Action item => With pictures omitted, the line containing "Snapshot of chantale483461" and all later lines of the records below are to be restated word for word.

Record extracts =>
========================================
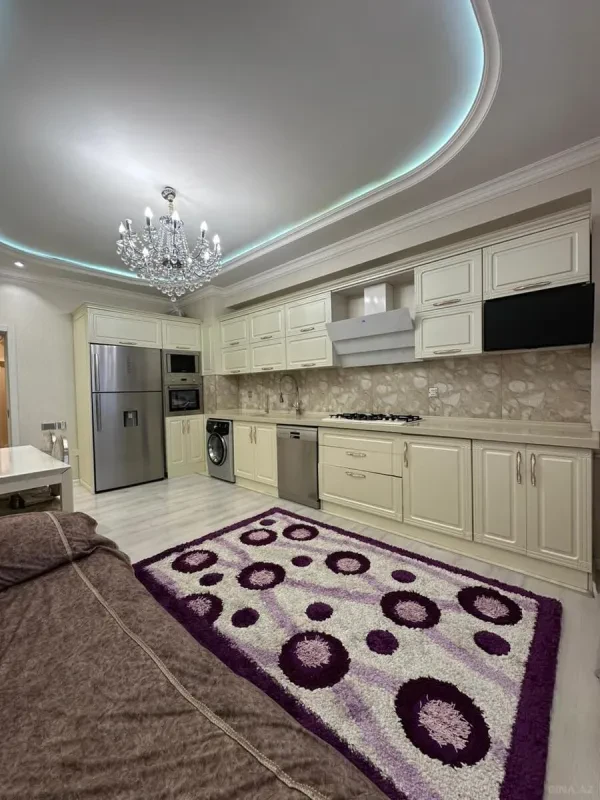 Satılır 4 otaqlı mənzil 187 m²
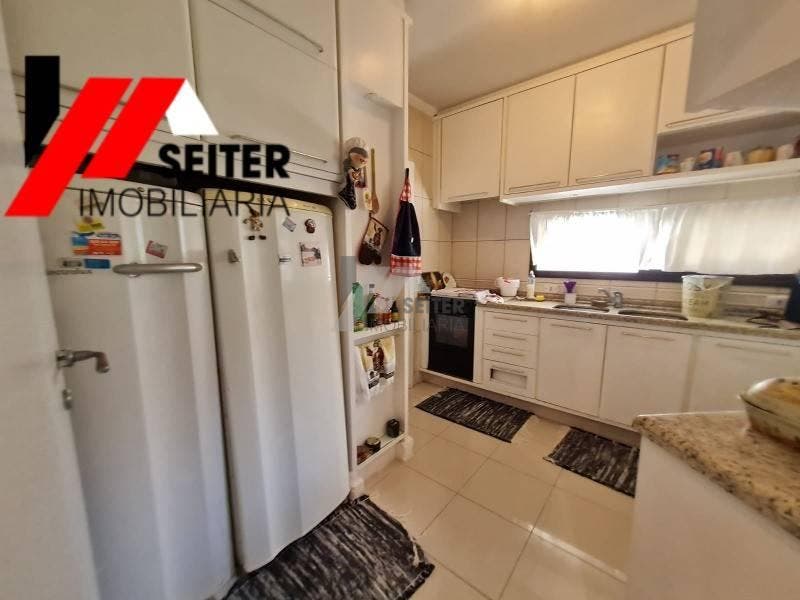 Apartamento de 3 dormitórios a venda Centro de Florianópolis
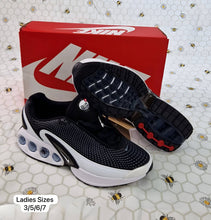 Load image into Gallery viewer, Shoes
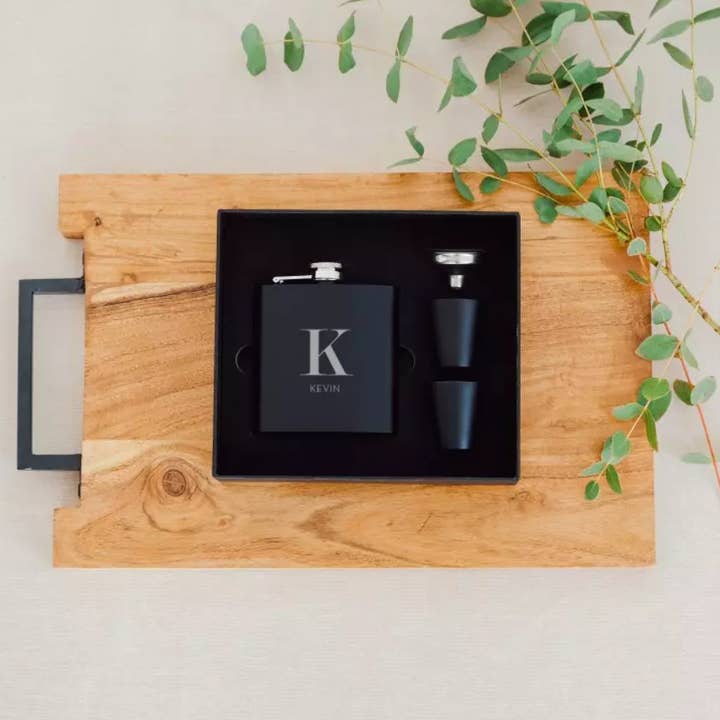 Weddingstar Inc. – wholesale Flask – Stainless Steel Hip Flask Gift Box Set-Modern Serif Monogram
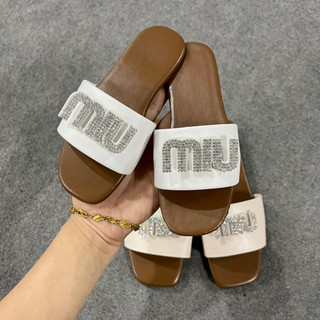 Dép Phối Màu quai trắng lót nâu gắn tang MIU cho bé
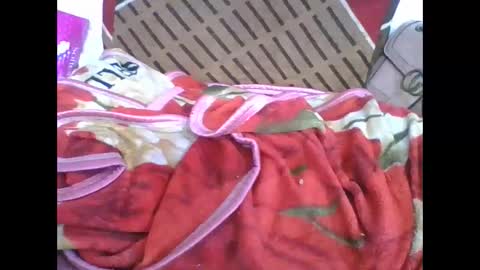 Snapshot of chantale483461 chatting on 13, 5, 2026 chantale483461 online show from 13, 5, 2026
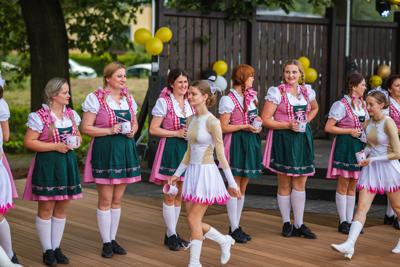 Alt="Zdjęcie przedstawia obchody Dni Gminy Ciasna 2023 wraz z Jubileuszem 20-lecia Mażoretek Copacabana."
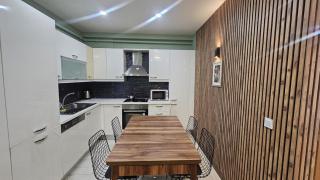 Bright 2BR Home in Central Istanbul - 3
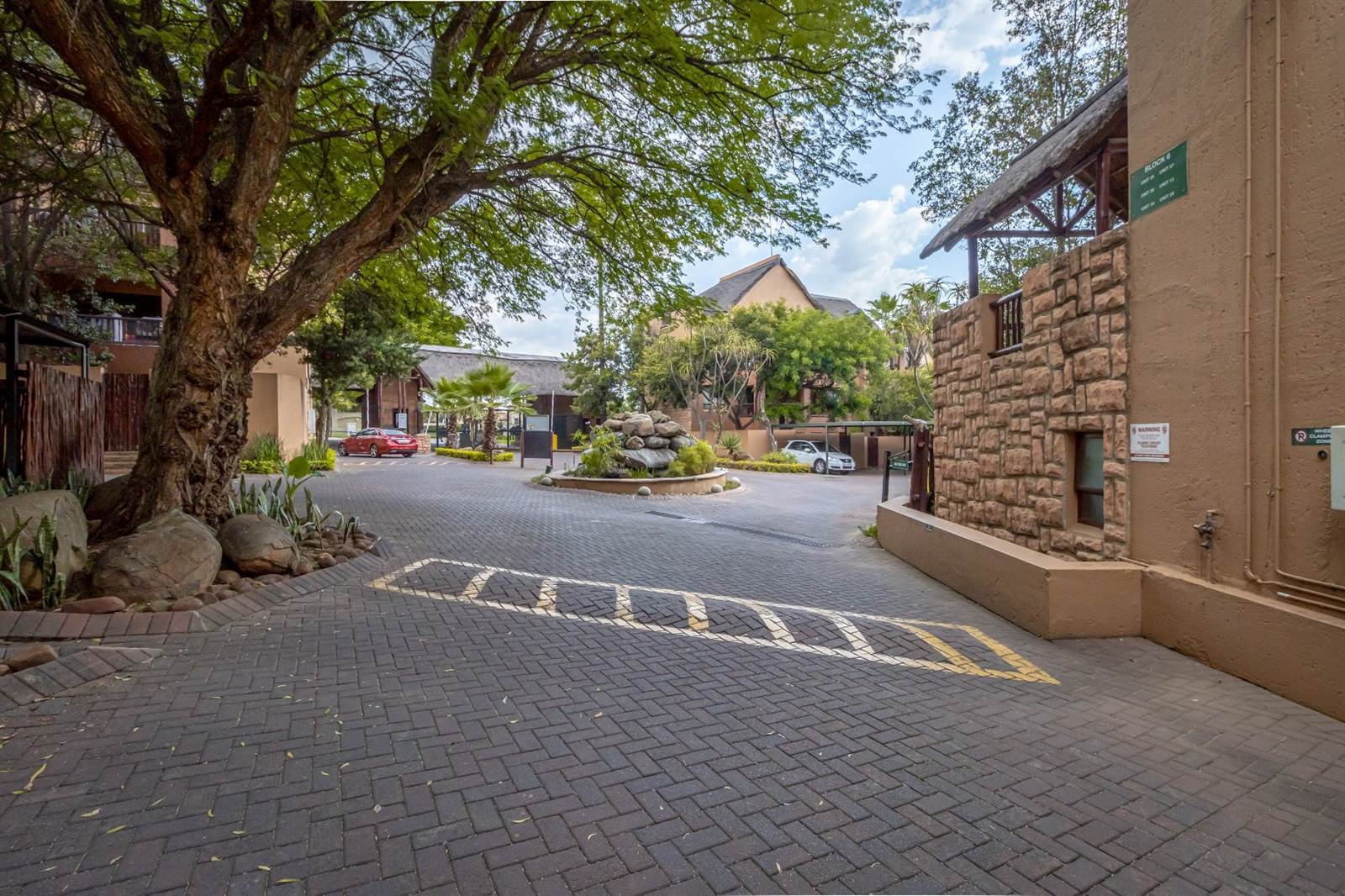 1 Bed Apartment in Douglasdale photo number 28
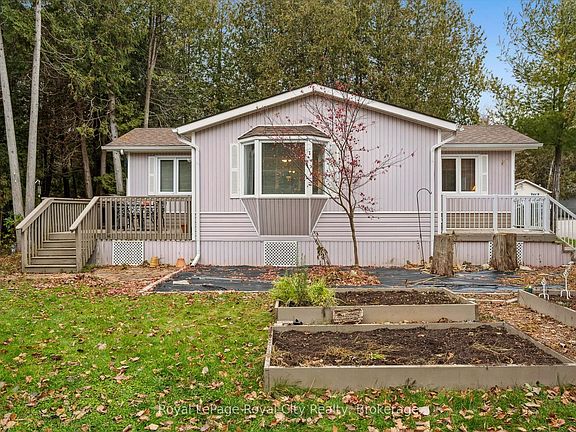 4th image of 10 Spruce Ave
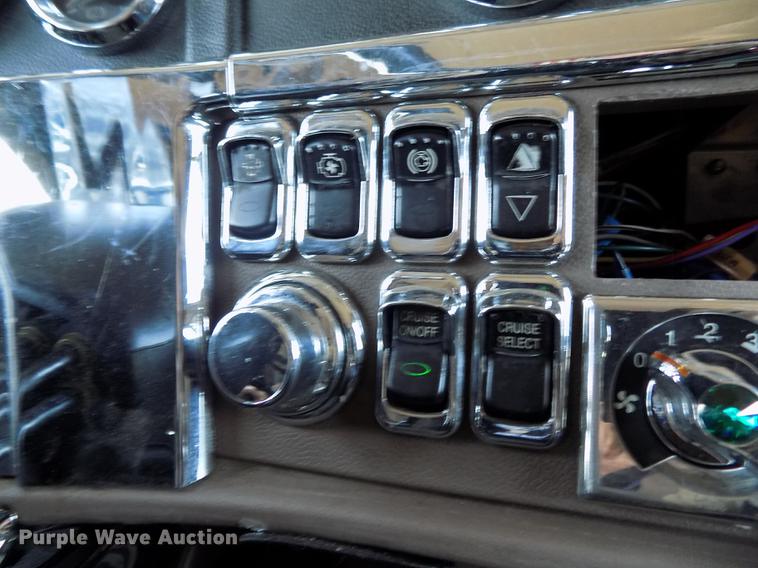 image for item DB8678 2011 Peterbilt 386 semi truck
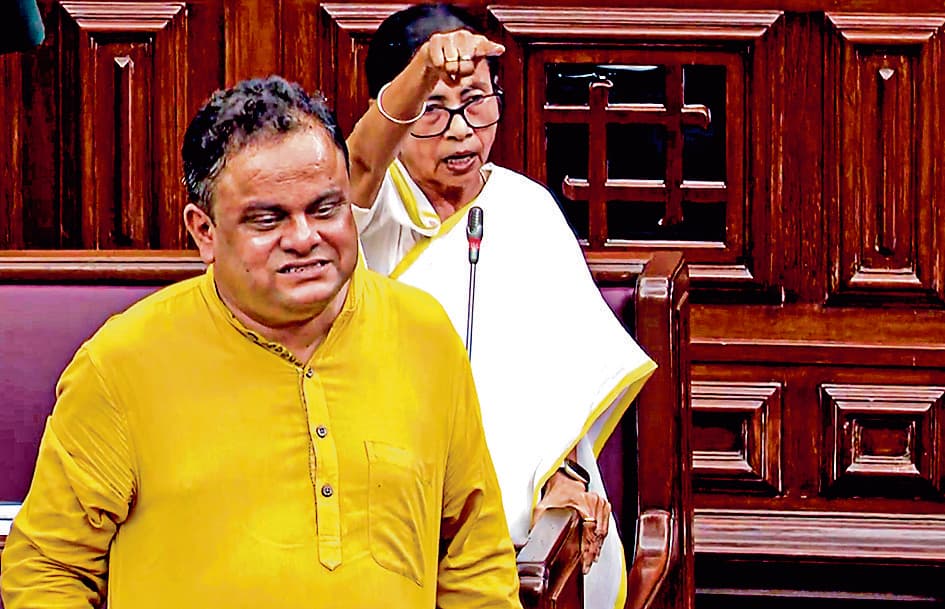 विधानसभा: तृणमूल व भाजपा विधायकों में हाथापाई की नौबत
========================================
Output below =>
 Snapshot of chantale483461 chatting on 13, 5, 2026 chantale483461 online show from 13, 5, 2026
 Alt="Zdjęcie przedstawia obchody Dni Gminy Ciasna 2023 wraz z Jubileuszem 20-lecia Mażoretek Copacabana."
 Bright 2BR Home in Central Istanbul - 3
 1 Bed Apartment in Douglasdale photo number 28
 4th image of 10 Spruce Ave
 image for item DB8678 2011 Peterbilt 386 semi truck
 विधानसभा: तृणमूल व भाजपा विधायकों में हाथापाई की नौबत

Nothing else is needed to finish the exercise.